Since African countries began to attain independence from European colonial powers in the 1960s, trade has come to play an even more critical role worldwide, both between developed powers and in the global South.
Africa, the continent with the highest number of the world's poor, missed the opportunity in the 1980s and 1990s to tap into the massive global trade that would have improved the livelihoods of millions of its population. As a result, poverty hit unprecedented levels, forcing African countries to rely on donor funding and grants.
However, a significant shift continues, as witnessed by the entry of Asian countries into what was once a cosy cocoon for the Western world.
This has seen the sale of African goods and services to Asian markets hit 30 percent, up from 14 percent a decade ago. This is almost the same level of trade as between Africa and its historical partners such as the EU and the US.
The increased outflows show how the second scramble for Africa is taking shape by the day.
Much of the focus now is on two major Asian players, China and India, and the economic revolution they are injecting in Africa.
The battle pitting the world's most populous nations is so deep that some regions in Africa have been named after them. The stable political landscape in South Africa has resulted to it being the nation with the highest Asian population in Africa with over 1.2 million "South Africa Indians."
In Uganda, their numbers are growing, despite the 1971 expulsion of more than 75,000 to the UK by then dictator Idi Amin.
With the overthrow of Amin and the rule of Yoweri Museveni in January 1986, Uganda became more open to foreign investors.
This ushered in two influential families, the Mehtas and Madhvanis, who currently operate multibillion-dollar shopping malls, media, huge hotels and factories in Uganda.
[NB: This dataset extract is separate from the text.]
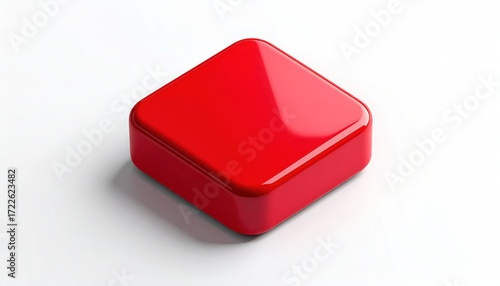 Glossy, red, rounded-square object casting a soft shadow, isolated on a white surface, from a high-angle perspective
Their operations are also dominant in Rwanda, Kenya, Zambia and Tanzania.
Though much attention has been paid to the Indian population, which makes up about 2.6 percent of the African total, there are also a growing number of Chinese in the continent.
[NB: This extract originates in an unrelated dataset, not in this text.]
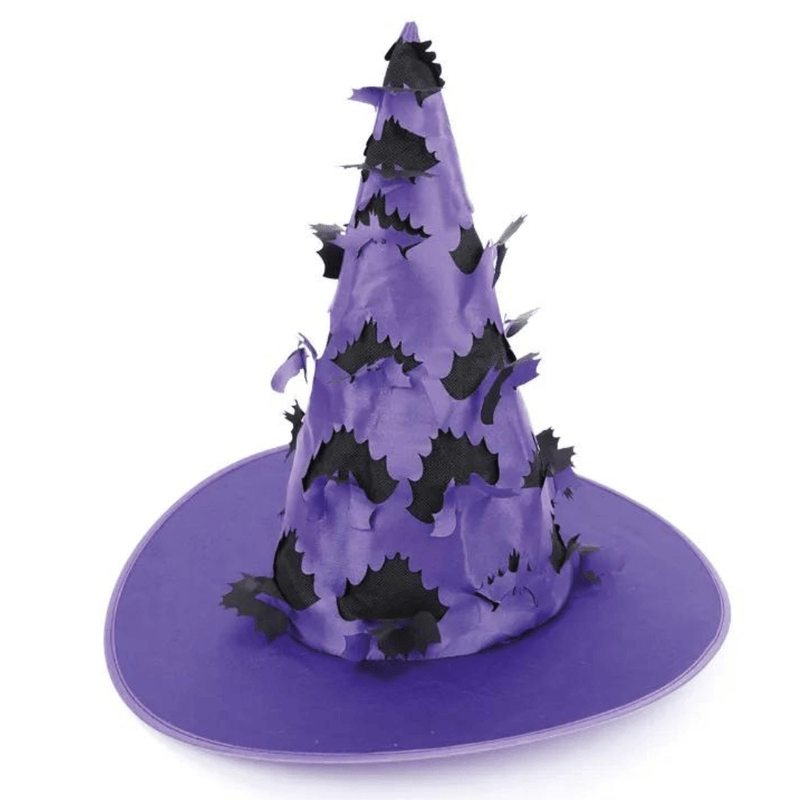 Chapéu Bruxa Halloween Roxo com Morcegos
Today's scale and pace of China's trade and investment flows with Africa is unprecedented. The emergence of South-South commerce is likely to intensify the scramble further as China seeks to dislodge India from its traditional ground.
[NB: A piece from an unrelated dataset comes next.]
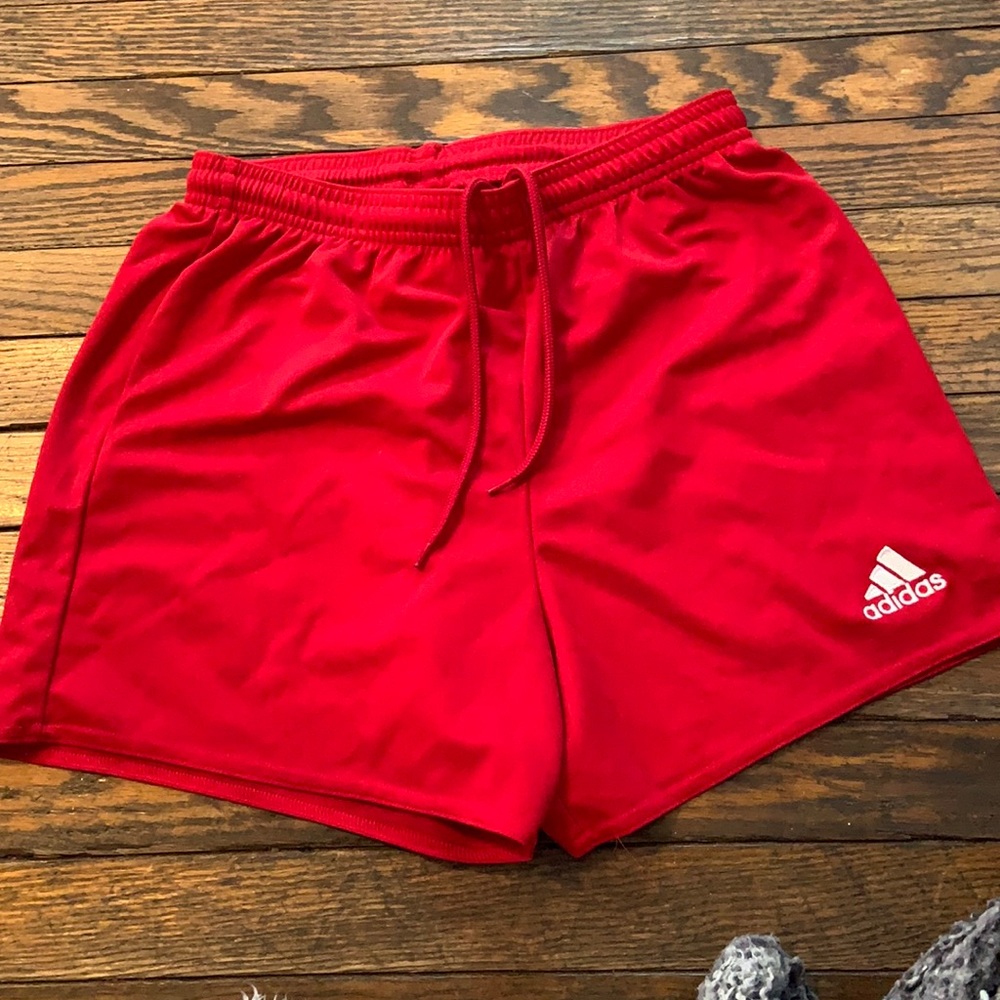 Women’s red adidas soccer shorts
With 40 percent of countries in Africa landlocked, China will be banking on the modernization of infrastructure in the continent to boost its penetration further.
Already, Chinese firms are involved nearly all the road projects in Africa, with few exceptions. In the pipeline now is the exploitation of alternative but affordable energy sources such as wind, gas and geothermal.
These are the kind of grand projects China is pursuing in Kenya with the recent launch of Africa's largest geothermal energy project in the remote areas of the Rift Valley.
In Tanzania and Rwanda, China is also playing a covert role in the exploitation of natural gases.
The entry of the two nations to Africa has presented a significant opportunity for growth and integration of the sub-Saharan part of continent into the global economy. Due to the rapidly modernizing industries, booming middle class and burgeoning purchasing power, these two tigers' battle for control of Africa will not end any time soon.
Is the traditional Indian grip likely to loosen as Chinese investors run across Africa for opportunities? Having witnessed the second scramble for Africa from its start in the mid-1990s, I am convinced that it is impossible to forecast the ultimate winner.
India enjoys a long history of trade with Africa, and therefore has a strong base in the continent. Many of the accumulated investments of India in Africa are concentrated in manufacturing, retail, food processing and telecommunications. Destroying it, or even bringing it down a notch, will be a hard nut to crack.
Even just take a quick glimpse at the manufacturing sector in Kenya, for instance. The sector is 90 percent operated by businessmen of Indian origin. Its cutting-edge performance has propelled Kenya's economic figures to new heights.
In Zimbabwe, Nigeria, Zambia and now South Sudan, the sector's wheels are virtually moved by Indians.
Nevertheless, no country beats China in the extraction sector such as mining, building of power plants and road construction.
This shows how asymmetrical the two countries' commercial strategies are. And in the end, the rivalry between the two will help boost Africa's success.